07Trata-se de tornar realidade as oportunidades de investimento em projetos que visam melhorar a qualidade de vida das pessoas. Para atrair tais investimentos é necessário contar com mecanismos e incentivos legais adequados. No Peru, vimos, por exemplo, casos interessantes de Parcerias Público-Privadas (PPP), em que um investidor privado assume uma série de riscos em troca da expectativa futura de lucro que justifique os termos. O investidor típico é um operador com experiência no negócio e respaldo financeiro suficiente para assumir riscos e gerir adequadamente dita infraestrutura e isto permite liberar recursos do estado para que este se dedique a outros fins ou garanta mais e novos projetos. Hoje, o desafio é como expandir o apoio financeiro dos operadores privados para atender mais projetos, não apenas de infraestrutura. Dito de outra forma: como vinculamos novos grupos de atores (investidores, savers ou pensionistas, locais ou globais) com as necessidades de financiamento dos países em vias de desenvolvimento?
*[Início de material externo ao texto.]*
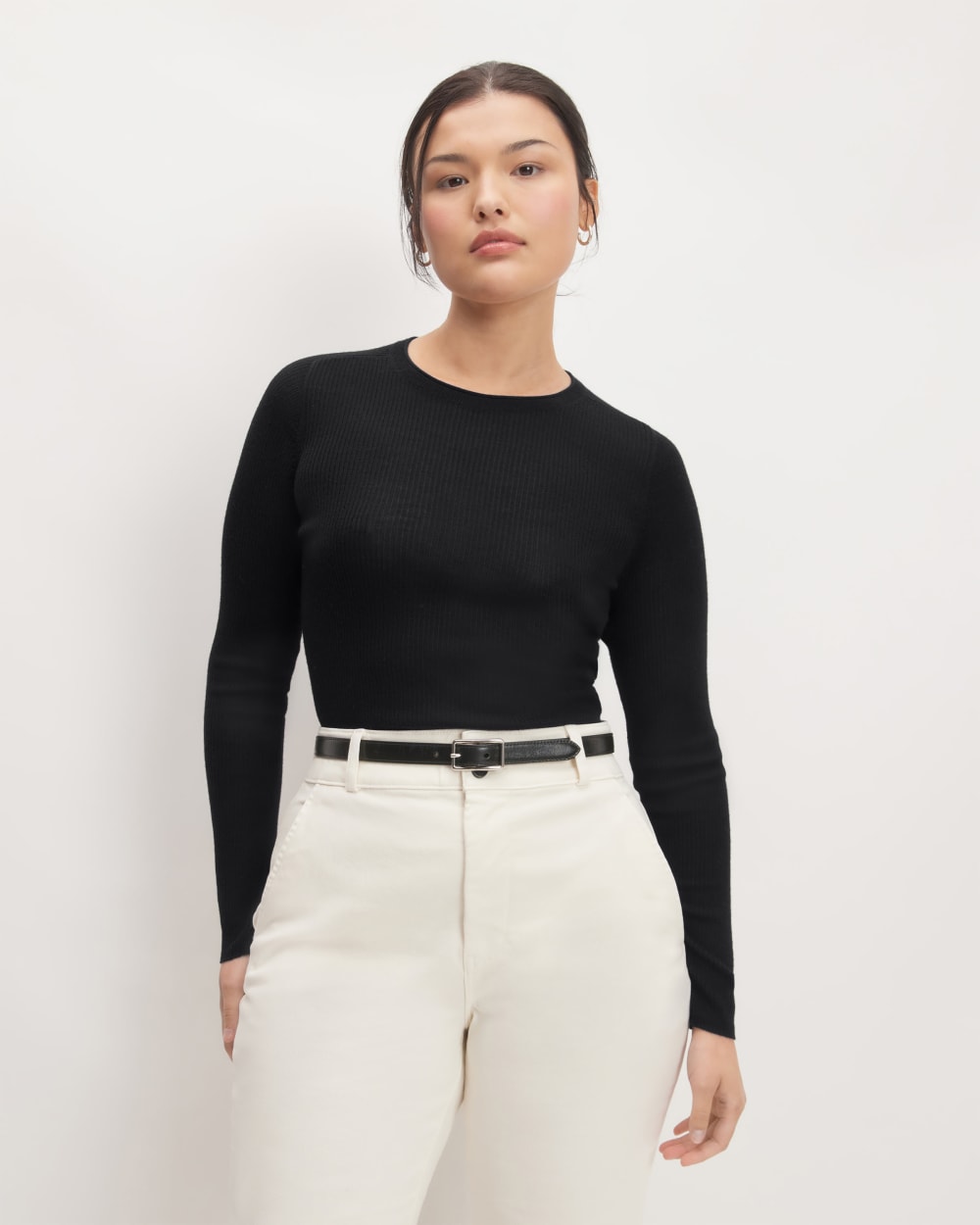 The Long-Sleeve Sweater Tee in Ultrasoft Merino in Black — front view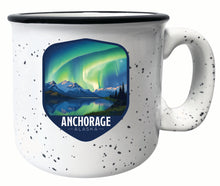 Load image into Gallery viewer, Anchorage Alaska Aurora Borealis Design Souvenir 16 oz Ceramic camping mug White 2-Pack
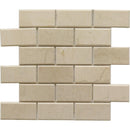Crema Marfil Marble 2x4 Polished Deep Beveled Brick Mosaic Tile.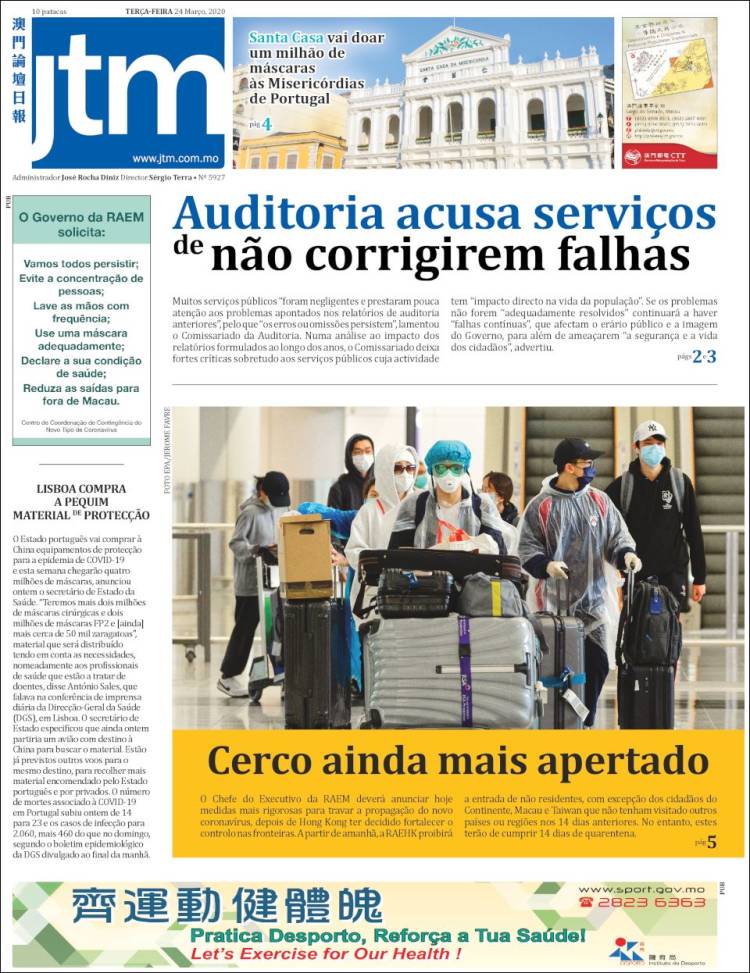 Portada de Jornal Tribuna de Macau (China)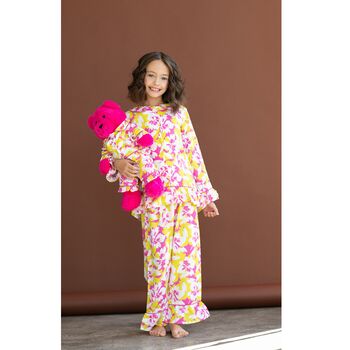 Barbara Pyjama Set With Matching Teddy Bear Set, 3 of 4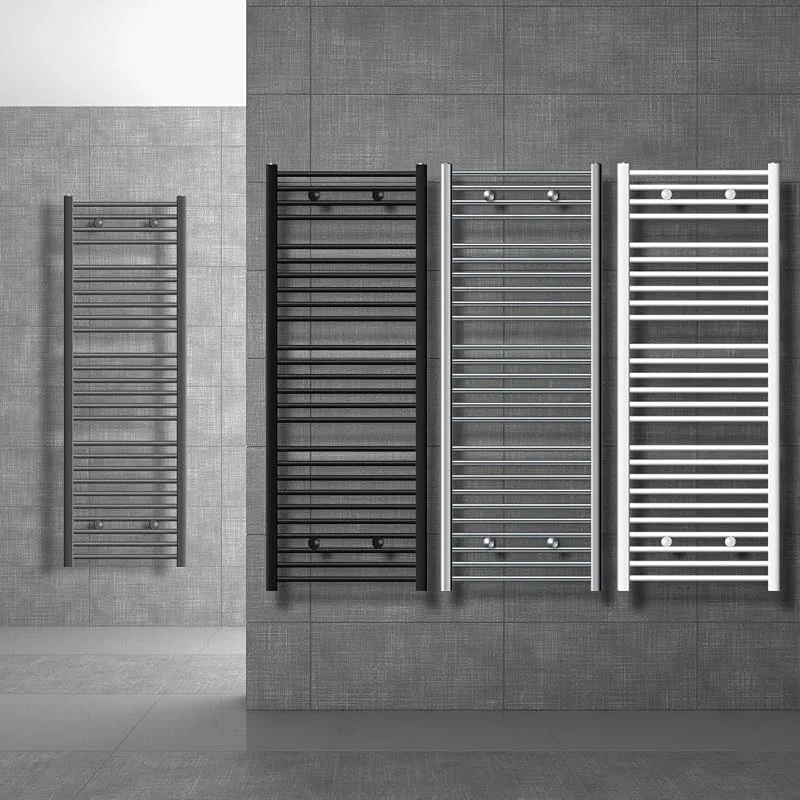 LuxeBath Radiatore Sahara 500 x 800 mm Antracite Dritto con Connessione Laterale, Calorifero in Acciaio, Termosifone da Parete, Scaldasalviette Riscaldamento per Bagno, Asciugamani Design Moderno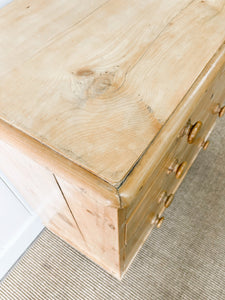 A Large English Pine Chest of Drawers Dresser on Tulip Feet c1890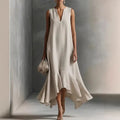 Andrea Sundress V-Neck Flowy Ruffle-Hem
Entre as experiências interessantes estão os “bônus de impacto social”, em que os governos pagam por resultados que permitam alcançar determinados impactos, por exemplo, com economias futuras. É o caso do financiamento da saúde preventiva através de prestadores privados, que permite economias futuras para uso em caso de doenças raras e típicas das novas classes médias, como diabetes. Isso está acontecendo na África e está sendo financiado pelo governo a partir dos recursos da cooperação internacional. Outro exemplo de bônus de impacto social inovadores é a reabilitação de jovens contra o custo futuro de ter mais detentos na prisão. No caso dos países desenvolvidos, como é o caso dos prisioneiros, estes títulos de impacto social estão permitindo que uma comunidade tenha oportunidades de investimentos interessantes em termos de rentabilidade, que além disso geram um bem social. Uma característica comum dessas inovações é um trabalho bom e sério de mitigação de riscos e regras claras, especialmente nos países em vias de desenvolvimento. Pensando na mitigação de riscos, por exemplo, na África um fundo decidiu financiar um projeto de geração de energia elétrica de 300 megawatts em 20, a fim de efeito de comparação, maior identificação com o “fornecedor local” e para que a infraestrutura não fosse percebida como um monopólio “hostil”. Neste contexto específico, a menor eficiência em termos de escala foi percebida como um menor custo para mitigar os riscos políticos locais específicos. Além disso, uma outra maneira de direcionar o foco para a redução de riscos é mediante garantias e outros veículos financeiros que atendam as necessidades e apetites de risco dos investidores, que, por sua vez, entram em novos esquemas, como o “crowdfunding“, em suas diferentes versões: desde o financiamento coletivo até o micromecenato. Este ano promete nos alcançar mais experiências, boas e más, que nos ajudarão a acelerar o desenvolvimento. E isso já é ganância.

Verónica Zavala
Diretora-Geral do Escritório de Planejamento Estratégico e Efetividade no Desenvolvimento do BID
É Diretora-Geral do Escritório de Planejamento Estratégico e Efetividade no Desenvolvimento do BID. Até junho de 2013, Verónica foi Gerente Geral do Departamento de Países do Grupo Andino. Anteriormente, ocupou o cargo de Gerente setorial para o Setor Público e Unidade do Governo da América Latina e Caribe do Banco Mundial. De 2008 a 2010, foi Diretora-Executiva para Colômbia e Peru no Conselho de Diretores Executivos do BID e para a Corporação Interamericana de Investimentos (CII). Além disso, durante sua carreira no serviço público do Peru, exerceu os cargos de Ministra dos Transportes e Telecomunicações (2006-2008) e de coordenadora do Grupo de Trabalho Presidencial para melhorar a Modernização do Setor Público (2006-2008).